By David Dodd
Here’s the plan—each week, I will blog about a different song, focusing, usually, on the lyrics, but also on some other aspects of the song, including its overall impact—a truly subjective thing. Therefore, the best part, I would hope, would not be anything in particular that I might have to say, but rather, the conversation that may happen via the comments over the course of time—and since all the posts will stay up, you can feel free to weigh in any time on any of the songs! With Grateful Dead lyrics, there’s always a new and different take on what they bring up for each listener, it seems. (I’ll consider requests for particular songs—just private message me!)

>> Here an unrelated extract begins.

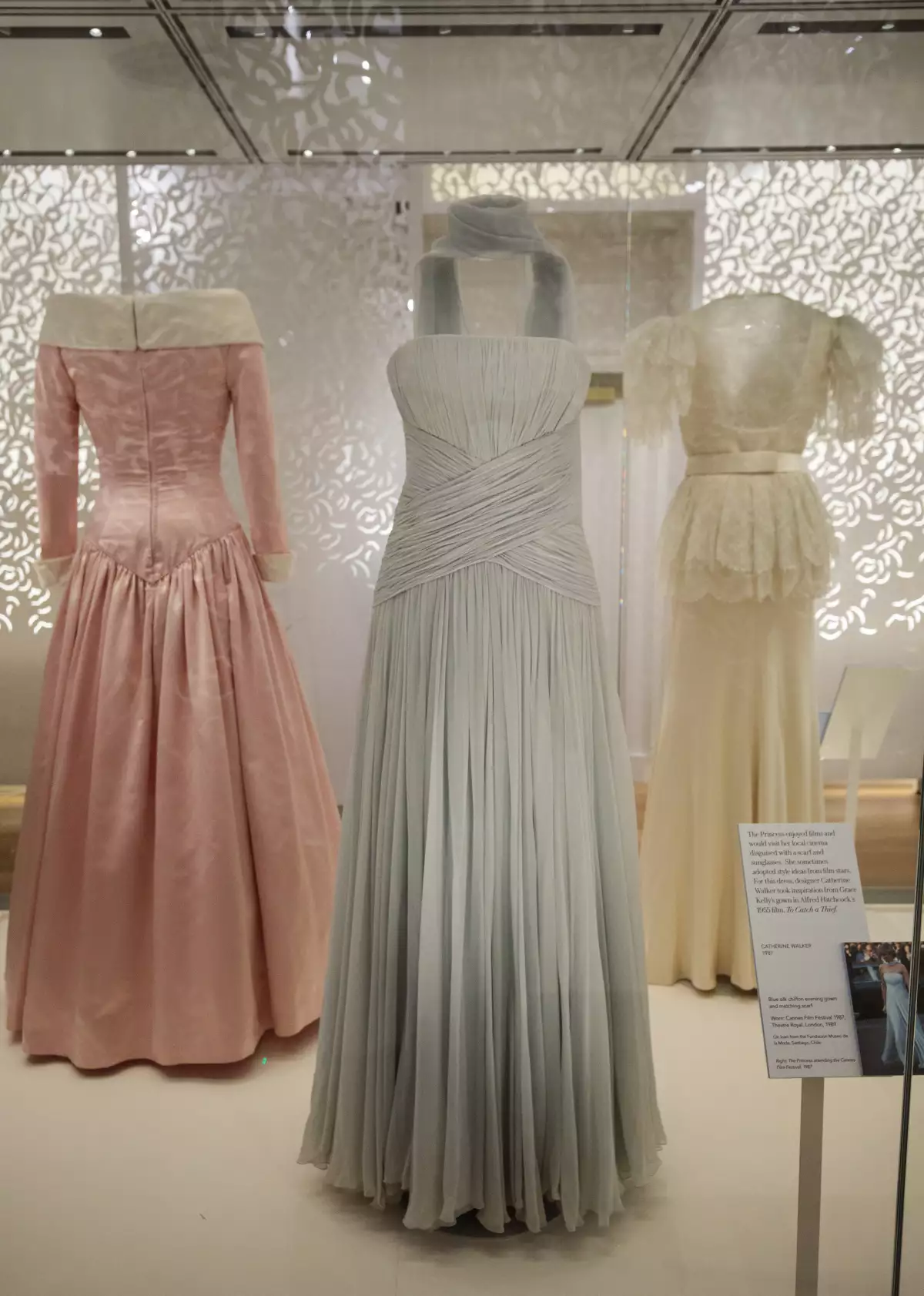 Press Preview Of Diana: Her Fashion Story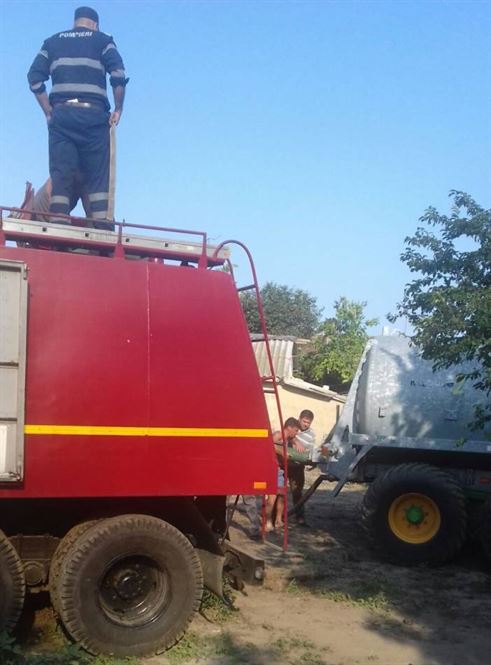 Incendiu in comuna Viziru de la niste baloti de paie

As I write this, it is April Fool’s Day.
There are quite a number of fools in Grateful Dead songs.
“You thought you was the cool fool...”
“Don’t lend your hand to raise no flag atop no Ship of Fools...”
“Heaven help the fool...”
But the one that sprang to my mind today was “Foolish Heart,” a song that bounced onto the scene in the wake of the success of “Touch of Grey,” somehow in the same lyrical and musical family of Hunter / Garcia collaborations.
Both songs seem to be a bit on the preachy side, for want of a better word. But the preacher, in each case, might be seen to be a bit like an unreliable narrator in a well-written novel, with the plot completely thrown off or at least jaundiced by the narrative voice.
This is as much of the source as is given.